Thanks to some unusual building techniques, proponents hope dome houses could revolutionize humanitarian work in poverty and disaster-ravaged areas around the world, including recently devastated countries such as Haiti, Chile and now in Mexico, where at least one person was killed and many more injured by collapsing buildings during Sunday's earthquake.
In a flurry of dust and noise, Southern Utah University is joining the pioneering effort to build quicker, cheaper and stronger housing for families like the Mendozas.
A group of students, faculty and staff from the college spent spring break in Mexico, experimenting with the new building system.
The domes are built with an inflatable "air form," which is then covered with rebar and concrete. When the concrete is dry, the air form is deflated, leaving a house 20 feet in diameter.
In a week of work south of the border, the student crew typically builds half a house, said SUU construction management professor Boyd Fife.

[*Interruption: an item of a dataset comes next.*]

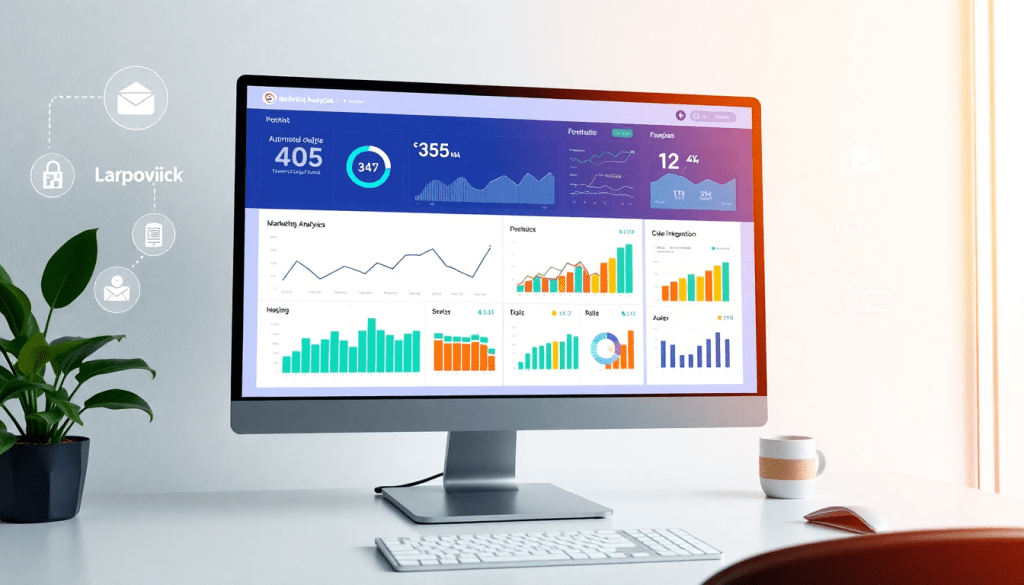 Automated KPI reporting dashboard displaying real-time performance analytics, AI-driven marketing insights, and digital campaign metrics on a computer screen.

With a reusable air form donated by Idaho-based Dome Technology, the crew built three dome houses last week.
"This will radically increase the number of people we can help," Fife said. "With this equipment, we've increased our productivity 300 percent."
Fife said the donated air form will allow Utah students to impact more lives in Mexico.
"This is really the way to build," he said. "For the students, I think this will really expand their chance to serve and really help people here."
While the inflatable air frame makes the process fast, dome contractors say the buildings' shape uses half as much material and is more resistant to natural disasters.
Monolithic Dome Institute President David South said every time a natural disaster happens, his company is "inundated" with calls.
"An earthquake means nothing to a dome, a tornado means nothing to a dome," he said.
South said he has been building domes for 35 years; first as a co-founder of Dome Technology and later as president of rival Texas-based Monolithic.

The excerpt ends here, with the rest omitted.